Saturday 6 May 2017

The weirding Jet Stream

The jet stream is ABOUT to get weird, again, and it COULD lead to extreme weather!! Aways in the future tense, never the present.

The jet stream is about to get weird, again, and it could lead to extreme weather
By Greg Porter


4 May, 2017

The final few days of April played out like weather bingo — deadly tornadoes in Texas, historic rainfall and flooding in the Midwest, a blizzard in the Plains, and extreme heat and humidity closer to home.

Given the pattern the jet stream is about to enter, this might be the tip of the iceberg.

Beginning this weekend, the atmosphere will take on an alignment that has been linked to extreme weather events like the devastating heat waves and wildfires in Europe (2003), Russia (2010) and the United States (2011).

April 29th: A tale of two cities

We call this setup “wavenumber 6.” The name originates from the six distinct “dips” in the jet stream when you look at it across the entire Northern Hemisphere.
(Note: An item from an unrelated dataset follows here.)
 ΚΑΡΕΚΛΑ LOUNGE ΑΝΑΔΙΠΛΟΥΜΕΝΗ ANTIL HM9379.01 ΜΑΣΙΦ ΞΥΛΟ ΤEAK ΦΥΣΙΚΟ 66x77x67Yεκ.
These dips are troughs of low pressure, and they are associated with cool and stormy weather.


Ensemble forecast for 500mb heights and anomalies on Sunday night. The blue/purple regions denote upper level troughs.
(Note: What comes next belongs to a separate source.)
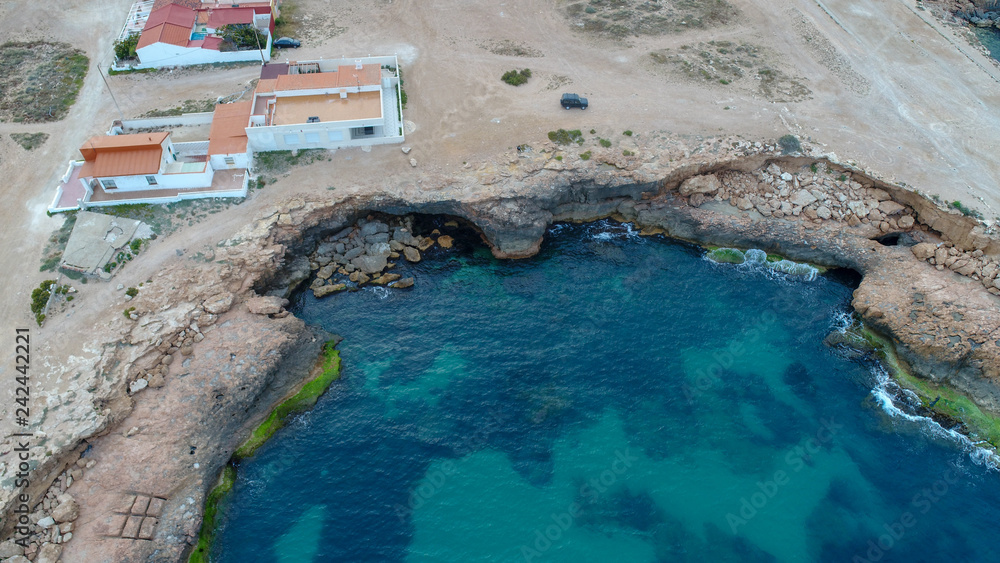 roks and sea showed from drone blue sea air photo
Taken by itself, a wavy jet stream is not uncommon in spring, when the sun angle is rising. Warm, tropical air interacts with and overtakes what’s left of the cold and dry winter air. The result is giant swings in day-to-day weather. But the pattern emerging this weekend has a troubling tendency.
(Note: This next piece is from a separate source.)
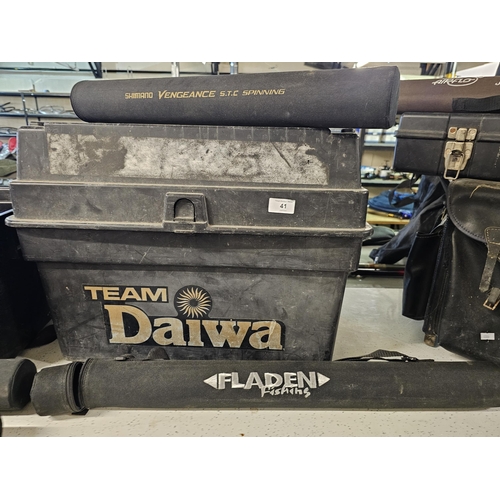 41 - One team Daiwa  fishing box and two fly fishing rod holders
Pretend you are viewing the image above as you might view a turbulent ocean from the shore. In physics, air is technically a fluid. It moves like water and has waves like water. So not only is it convenient, but it also makes sense to visualize our atmosphere’s behavior as waves in the ocean. In this manner, we can simplify complicated dynamics into the basic facts we know about waves in general.

One such characteristic is the tendency for waves to become standing waves, as on a plucked guitar string, where both ends of the string are vibrating so that the string appears to not be moving at all. Recent research suggests that wavenumber-6 patterns are more likely to develop into standing waves, trapped in a repetitive pattern referred to as planetary wave resonance.

Under this alignment, all forward motion of storms (west to east) becomes stuck in a hemisphere-wide traffic jam, and the probability of extreme weather events increases.


The atmosphere likes traffic jams about as much as you and I do, and the animation below illustrates why.


Notice the stationary nature of the highs (red) and lows (blue) over an eight-day period. Depending on where you live and what type of pressure system sits overhead, you’re stuck with the same type of weather day after day. You can imagine how this might create issues after a few days of persistent rain or unrelenting heat.



[Big chill to invade eastern U.S. this weekend, and it may get stuck]

Ensemble forecast 500mb heights and anomalies through May 14. (Pivotal Weather)

The atmosphere wants to get out of the traffic jam. It wants to restore forward motion and balance. That’s the whole point of weather — to balance the energy across Earth.

So it will begin to produce weird conditions to break the traffic jam and return to its normal and preferred west to east flow. This is where our increased vulnerability for extreme weather events comes from. Floods, severe weather, spring snows and even early season tropical storms are all fair game over the next few weeks.

Also troubling is the potential for an increase in this extreme weather pattern as the climate changes. Research published recently in Nature suggests a link between Arctic warming and atmospheric wavenumber-6 patterns. Enhanced warming in the Arctic would lead to a weaker temperature gradient between the tropics and the poles, resulting in more occurrences of a wavy, amplified jet stream capable of producing extreme weather.

Naturally, nothing is guaranteed when it comes to the weather, and this pattern may only result in a damp and dreary early May for both coasts of the United States. But if things start to get crazy, we’ll know why.